Science Spotlight

H. pylori infection accelerates events that lead to gastric cancer development

From the Salama Lab, Human Biology Division

Chronic infection with Helicobacter pylori (H. pylori) is a significant risk factor for gastric cancer. The host's immune response (chronic inflammation) coupled with H. pylori's activity (release of toxic virulence factors) are some of the mechanisms that initially promote cancer. However, by the time gastric cancer develops, the bacterium is only detected in about half the patients. The absence of the bacterium at this stage has obscured H. pylori's role in cancer progression once the initial oncogenic events have taken place. New research from the Salama Lab in the Human Biology Division suggests that –contrary to the prevalent hypothesis– H. pylori infection can impact the molecular course of cancer progression beyond the initial chronic inflammation observed in infected patients that eventually develop cancer.  
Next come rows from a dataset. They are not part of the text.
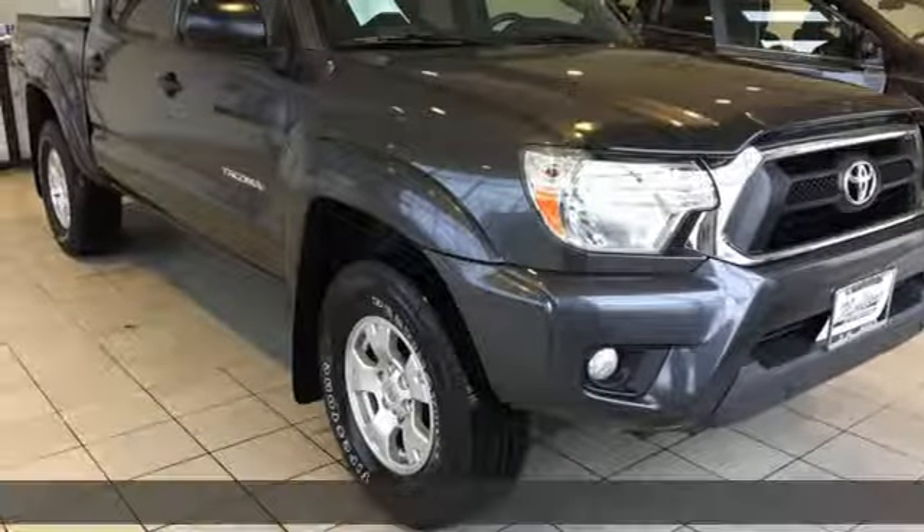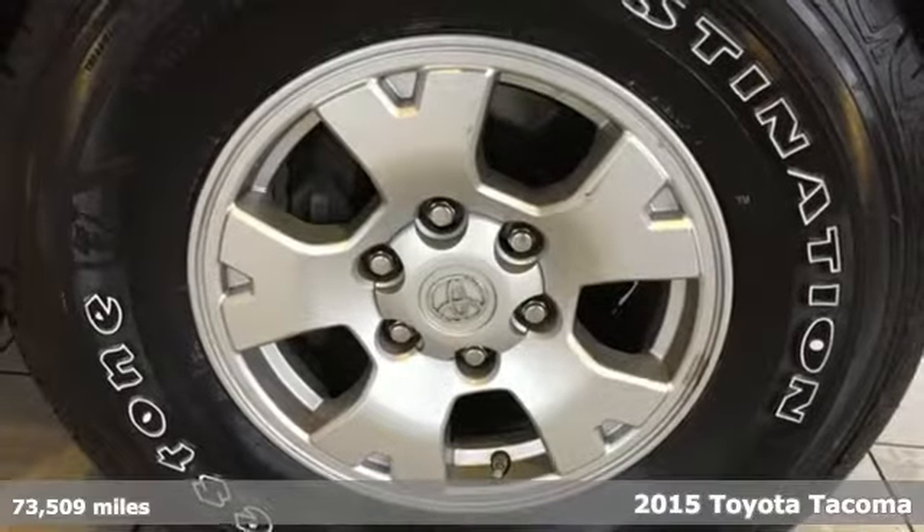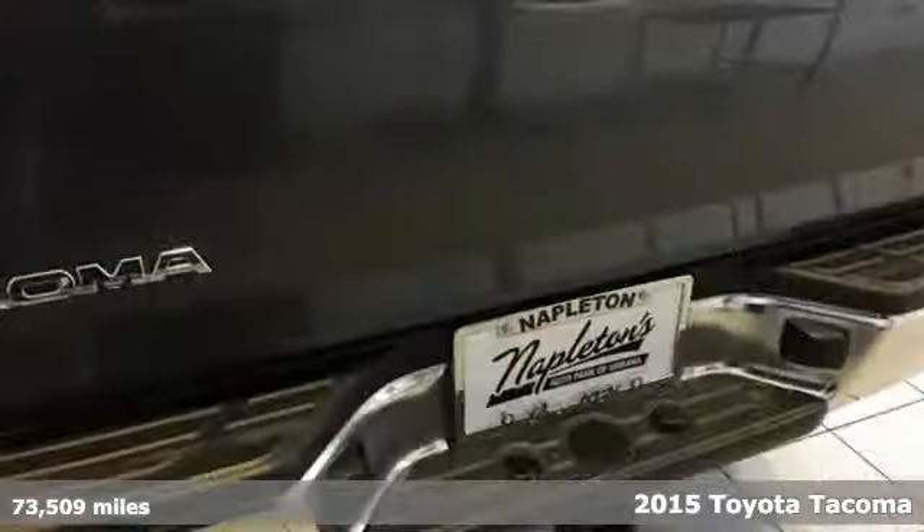Here's a 2015 Toyota Tacoma. With its bold looks and tech to match any adventure, this off-road icon is ready to rock.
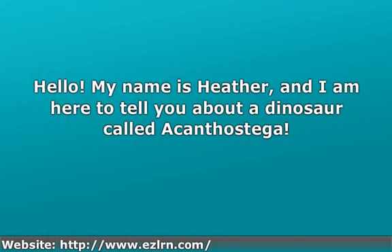Hello. My name is Heather, and I am here to tell you about a dinosaur called Acanthostega.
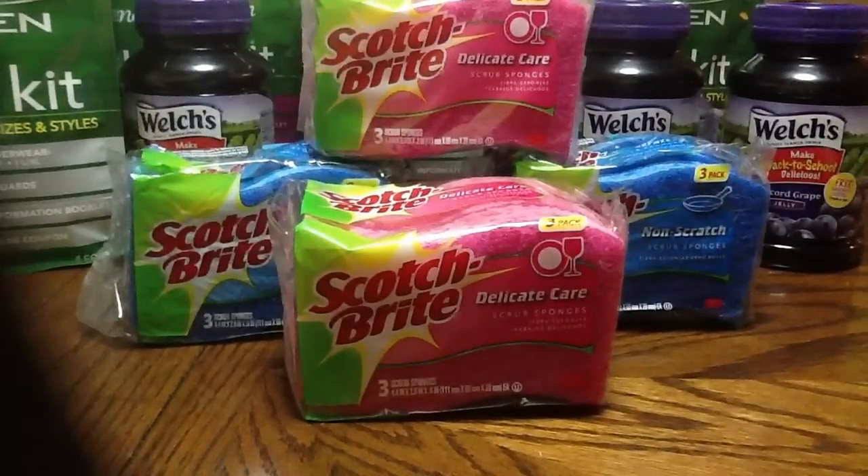Good morning, everyone. I just wanted to show you my little mini haul from Food for Less.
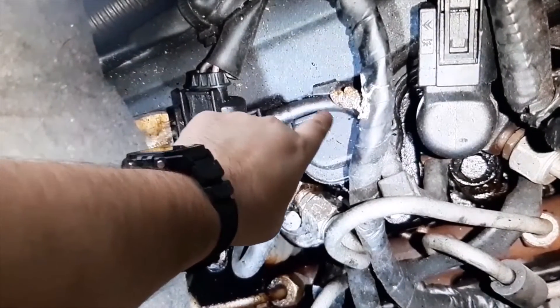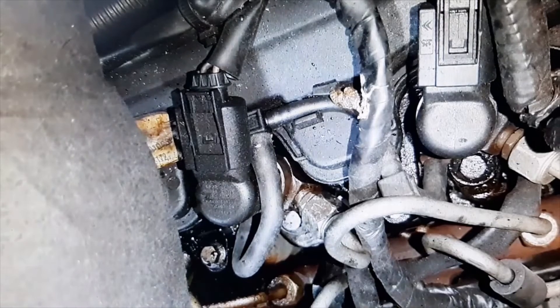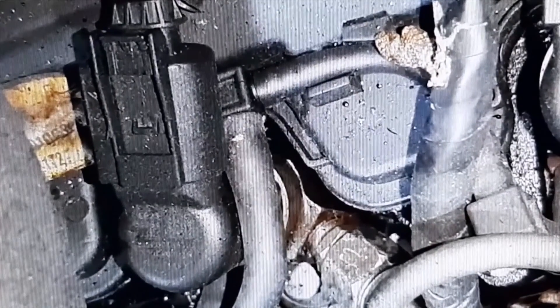There are other rats, as we have seen in other cars brought to the workshop, that like to eat the electrical wiring, to chew the cables. In this case, the rat has taken to chewing the fuel return pipes. If this video has been useful to you, don't forget to give it a like and subscribe to the channel. Thank you.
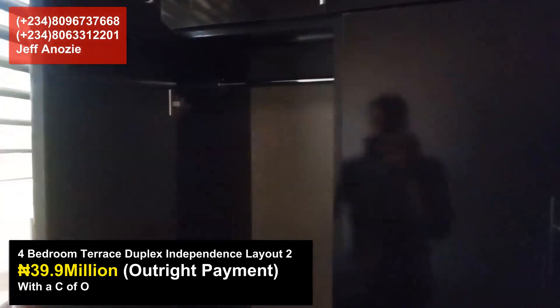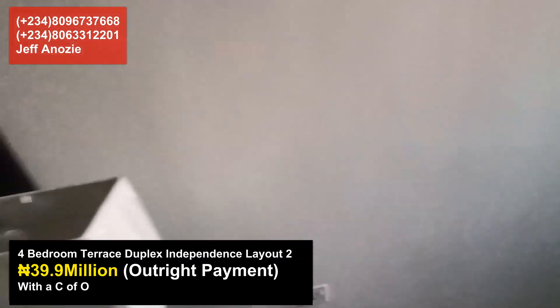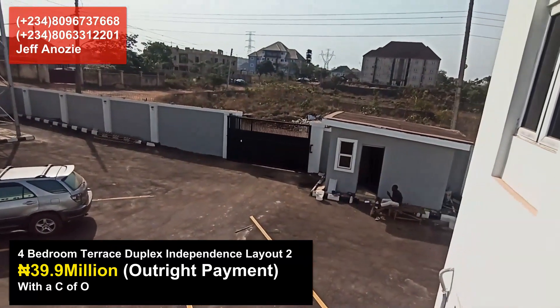All rooms come with wardrobes — you can see the beautiful wardrobes in this four-bedroom terrace duplex. Call us now for your unit; units are running out. From upstairs, see how beautiful this estate looks.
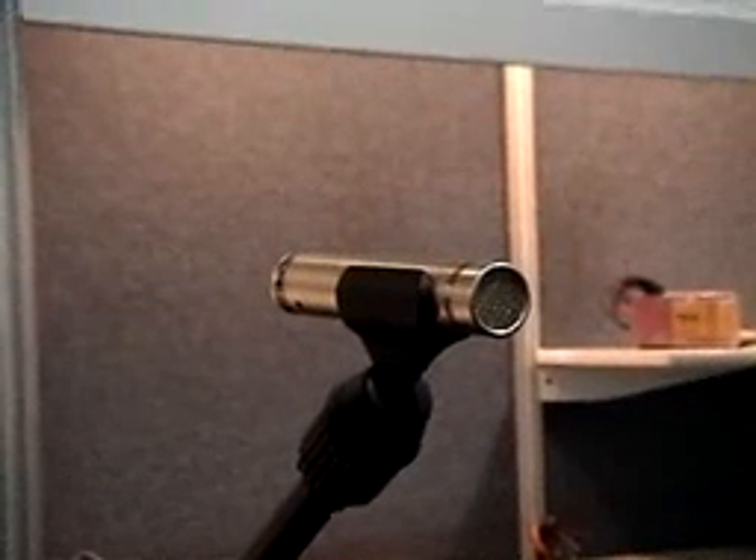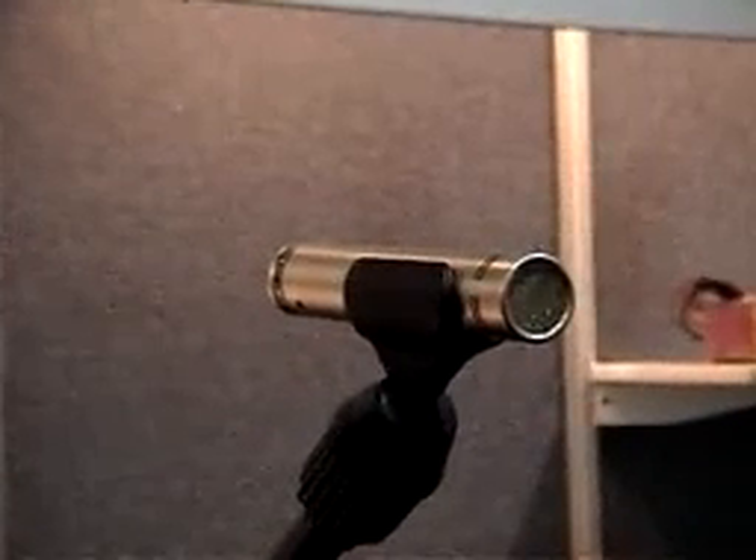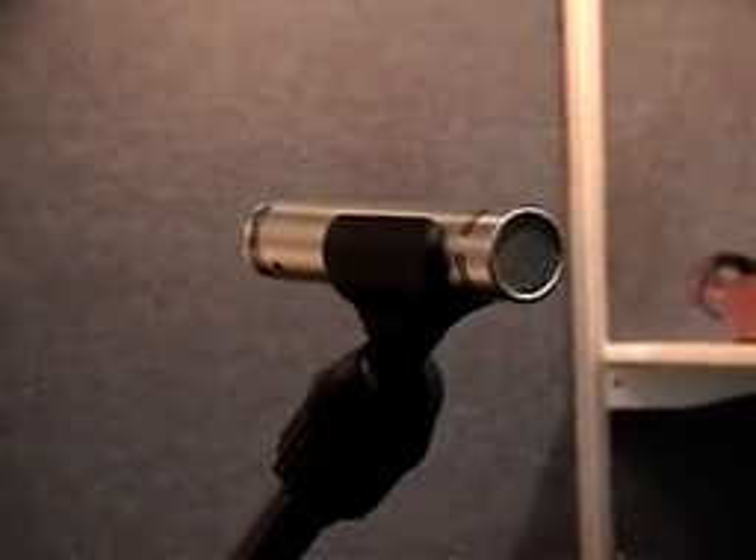Same specs, same frequency response, same capsule. It comes with two windscreens and two mic clips. For more flexibility, you can use them on separate instruments — hi-hat, rides, drum overheads, acoustic guitar.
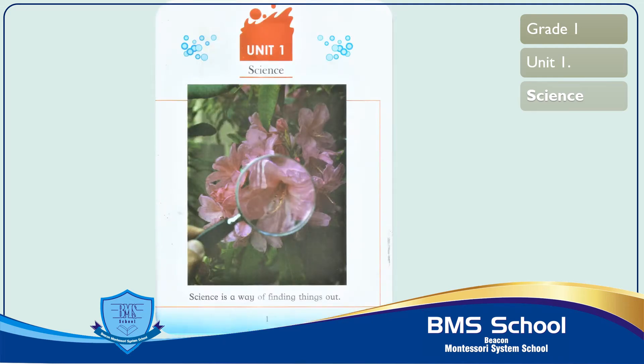Assalamu alaikum students, are you fine? Now you are in grade 1. I am your science teacher. Open your science book page number 1. Our first chapter name is science.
The study, recently published in the journal Life Science Alliance, was led by postdoctoral fellow Dr. Valerie O'Brien, a Cancer Research Institute Irvington Fellow. "The common hypothesis for how H. pylori leads to cancer is that H. pylori-driven inflammation promotes the accumulation of oncogenic mutations and activation of oncogenic pathways, which can lead to cancer development even if H. pylori infection is cleared by the host. In other words, H. pylori is essential for initiating mutagenic gastric inflammation, but once oncogenic pathways become activated, H. pylori is dispensable", said Dr. O'Brien. In the study, O'Brien and colleagues tested this idea by evaluating the effects of sustained H. pylori infection on the morphology of the stomach's mucosa, the tissue immune response, and gene expression in a mouse model that recapitulates the events preceding gastric cancer in humans.

Dr. O'Brien explained, "In this model, expression of active KRAS in the stomach rapidly leads to inflammation, metaplasia, and mild dysplasia. If H. pylori is disfavored by these cancer-associated tissue changes, as per the prevailing model, one might expect H. pylori infection to now be irrelevant. On the contrary, we show that H. pylori can colonize the stomach throughout the onset of these changes, and moreover that the addition of H. pylori changes the molecular nature of both metaplasia and inflammation, causes epithelial hyperproliferation, and accelerates dysplasia." The investigators first compared the effects of H. pylori in KRAS-expressing mice after 2-, 6-, and 12-weeks following infection. Using histology, the investigators scored the tissues for immunopathology markers, including inflammation, loss of parietal cells, and enlargement of the surface epithelium. In general, compared to KRAS alone, the immunopathology markers were worse in mice with H. pylori infection, suggesting a role for the bacterium in accelerating gastric cancer development. Gene expression analyses revealed that infected mice had more significant numbers of immune cells, congruent with the higher degree of inflammation observed in these mice.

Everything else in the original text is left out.